Light exploded in his good eye as his knees buckled. He tumbled into the snow, stunned like a steer before the slaughter.
A cold, narrow hand pressed against his face as a blade drew across his throat, severing arteries and muscle, cutting deep to the bone.
Brkić gasped for air, thrashing like a landed fish. His hot red blood gushed black and steaming into the snow under the harsh light of the streetlamp. His mind raced to find the words of the shahada, but they escaped him.
His heart failed as he bled out, surrounded by the frenzied chatter of a foreign tongue he could not comprehend.
76
PARIS
Vladimir Vasilev woke up that morning beside himself with joy despite the freezing rain outside his window. Not only was he feeling better than he had in years, he had also greeted the day with his manhood tenting the bedsheets. He hadn’t done that since he was a teenager.
The experimental CAR T-cell treatments for his cancer had been wildly successful, even better than the doctors could have hoped, let alone predicted. He had joked with his friend, the Czech, weeks ago that he might live forever. Now he was wondering if it was actually true.
His health was so good, in fact, that he was scheduled to be released early from his treatment regimen. Perhaps as early as next week, a month ahead of schedule. Yes, of course, regular visits for ongoing treatment and maintenance were necessary, his doctor assured him. But at least he would escape his sanitary life inside the glass aquarium, slurping miso soup and swallowing purified water.
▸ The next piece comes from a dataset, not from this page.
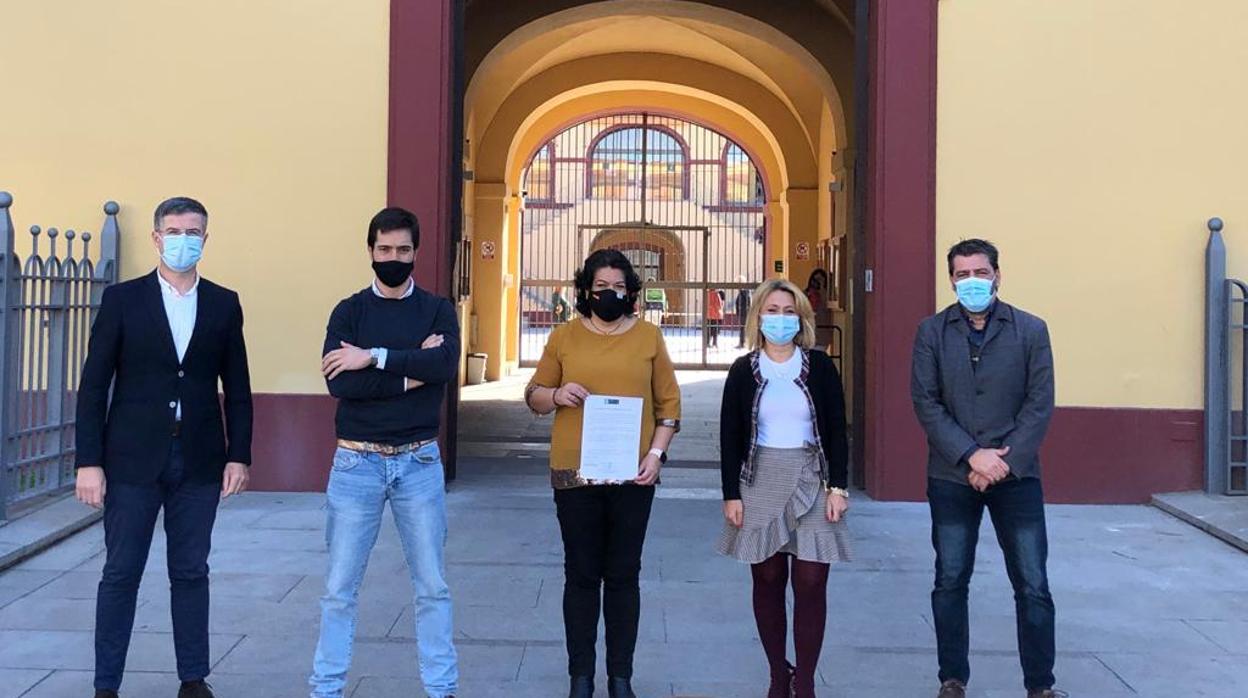 Los representantes del PP en el interior de la sede de la Diputación de Sevilla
Vasilev was so happy that he almost didn’t notice the new nurse pulling on her protective suit outside the glass. His rheumy eyes caught the full curve of her breasts, the shapely turn of her fine ass, and the beguiling blond ponytail he’d love to wrap his gnarled fingers around.
The poor wretch was probably making less than sixty thousand euros a year. He’d offer her ten thousand euros for a quick ten-minute lay right here in the adjustable bed. Why not? And if she refused? He’d promise her a nightmare retribution.